Julien Brun / Publié le 09:40 13.12.2022 | 05 min


La Propriété Intellectuelle est intrinsèquement liée à l’innovation; elle en est un rempart, un gardien. Créé en 1966, l’Office Freylinger est bien connu des entreprises luxembourgeoises. Ses équipes, multi-expertises, se composent de 40 collaborateurs aux profils extrêmement spécialisés. Rencontre avec deux de ses Conseils en P.I. : Marie-Christine Simon, mandataire marques, dessins et modèles, juriste de formation et directrice du Département marques et modèles (16 ans de maison) et Philippe Ocvirk, mandataire brevets, Ingénieur de formation et Partner (24 ans de maison).

Comment pourrait-on présenter l’Office Freylinger ?

PO: Certainement comme le plus grand cabinet de conseils en propriété intellectuelle de la Grande Région. Nous proposons une gamme complète de services de propriété intellectuelle et plus particulièrement dans les brevets d’inventions, les marques et les dessins et modèles. Plus concrètement, nos clients investissent dans le développement de nouveaux procédés, produits ou machines qui doivent être protégés afin de profiter d’un retour sur investissement. Nous les accompagnons donc tout d’abord dans la phase d’obtention de droits : dépôts de brevets et marques et analyses préalable, procédures d’examen, et ceci tant au plan européen qu’international. Nous sommes également présents au cours de la vie de ces droits, lorsque le propriétaire souhaite les vendre (cession) ou autoriser des tiers à les exploiter (licences, franchises), et lorsqu’il s’agit de les défendre face à une contrefaçon jusqu’au renouvellement de la marque après 10 ans ou du dessin après 5 ans.

MCS: Le cabinet est composé d’une équipe d’experts : les affaires de marques, dessins & modèles et contrats sont traitées par des juristes spécialisés en P.I. Côté brevets on trouve des scientifiques (ingénieurs, docteurs, masters) aux disciplines variées : chimie, sciences de la vie, mécanique, physique, matériaux ou encore les inventions mises en œuvre par ordinateur. Au quotidien, nous intervenons donc dans une variété de domaines techniques, aux côtés de nos clients. En effet, lors d’un dépôt de brevet nos experts vont entrer dans le détail de l’invention avec l’inventeur. Notre valeur ajoutée est de définir le cœur du concept inventif, et de rédiger le mémoire technique qui sera déposé en tant que demande de brevet. C’est un travail qui requiert empathie, rigueur et curiosité.

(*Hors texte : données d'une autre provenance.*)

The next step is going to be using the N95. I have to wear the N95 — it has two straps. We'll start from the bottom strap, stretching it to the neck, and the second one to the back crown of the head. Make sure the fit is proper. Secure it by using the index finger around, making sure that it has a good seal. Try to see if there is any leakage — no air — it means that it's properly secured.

“Il est indispensable que les entreprises qui innovent se posent la question de l’opportunité de la protection avant de divulguer leurs innovations. Cela doit être un réflexe !”

Marie-Christine Simon

Marie-Christine Simon

Comment définir la P.I.?

MCS: Elle concerne toutes les œuvres issues de l’esprit et regroupe la propriété industrielle et la propriété littéraire et artistique. La propriété littéraire et artistique est composée du droit d'auteur, des droits voisins et du droit sur les bases de données. La propriété industrielle, quant à elle, concerne plus spécifiquement la protection et la valorisation des inventions, des innovations et des créations. Il faut bien distinguer ce qui relève de la technique et qui sera protégé par un brevet, alors que des idées de noms ou de services, ou encore de créations esthétiques seront protégées par une marque, respectivement un dessin ou modèle. Si une idée ne peut être protégée, il sera possible de protéger la matérialisation de cette idée : produits ou procédés techniques qui en découlent, noms et logos liés à un nouveau produit ou service, apparence des objets, écrans d’interfaces graphiques, algorithmes à visée technique, etc.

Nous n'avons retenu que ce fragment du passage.